“Being smart is cooler than anything in the world,” America’s first lady told a gaggle of squealing, high-fiving, weeping girls at a North London school. And Michelle Obama should know, no?
“If you want to know the reason why I am standing here, it’s because of education,” she told them.
“I never cut class. I loved getting As, I liked being smart. I liked being on time. I thought being smart is cooler [should be “was cooler”] than anything in the world. You, too, with these values, can control your own destiny. You, too, can pave the way.” She urged them to believe in their dreams.
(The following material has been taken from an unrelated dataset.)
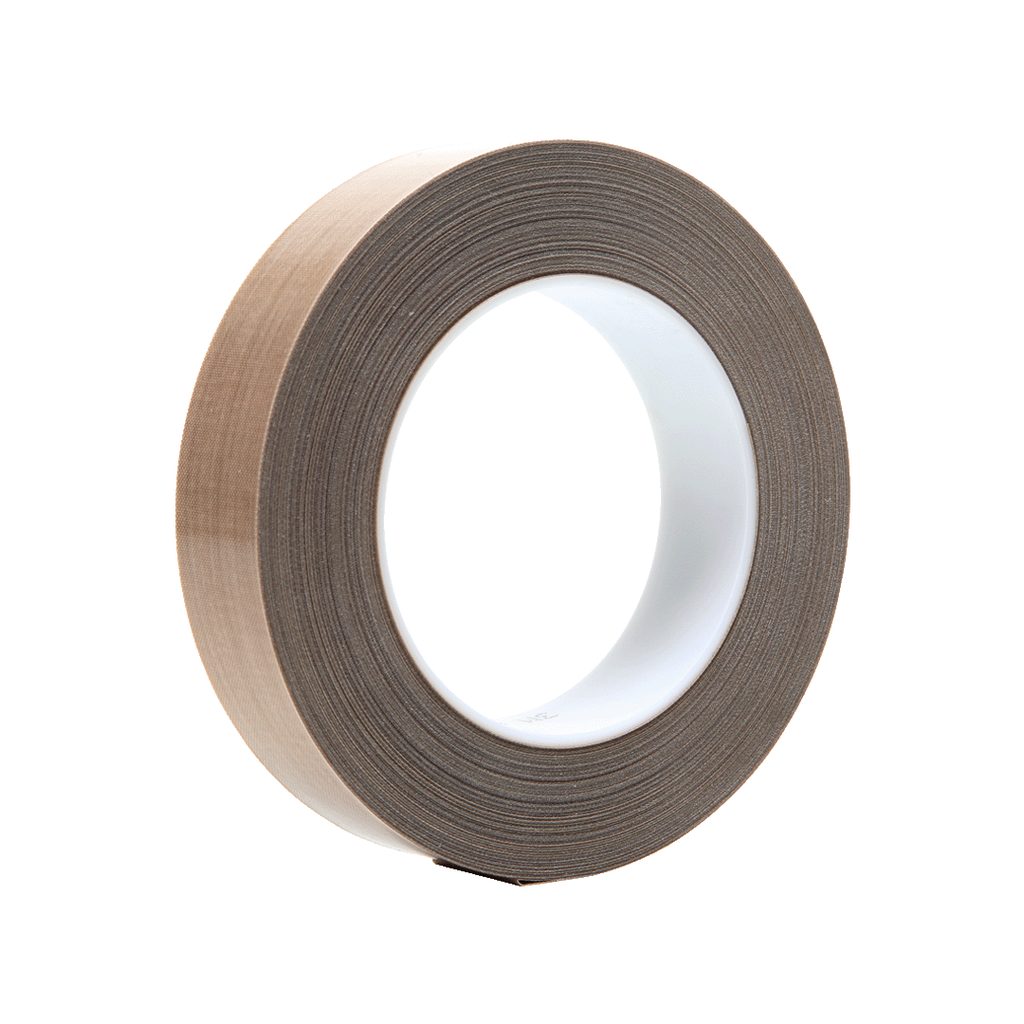 [071000375] CINTA PTFE CON REFUERZO F.V. 5453 DE 1" X 36 YDS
“For nothing in my life ever would have predicted that I would be standing here as the first African-American First Lady [There she goes again]. I was not raised with wealth or resources or any social standing to speak of. I was raised on the South Side of Chicago — that’s the real part of Chicago.”
Cut the cr-p.
Michelle Obama was raised in a country where affirmative action saw to it that mediocrities like herself usurped the real meritocracy. That pesky detail the first wife forgot.
I read Michelle’s university thesis; it’s the product of a banal, third-rate mind. I grant that her meteoric rise had to do with some hard work and pushy grit, but, more than anything, Michelle is a product of affirmative action—a product of a society where, as Joseph Farah put it “black [is] the new color of privilege.”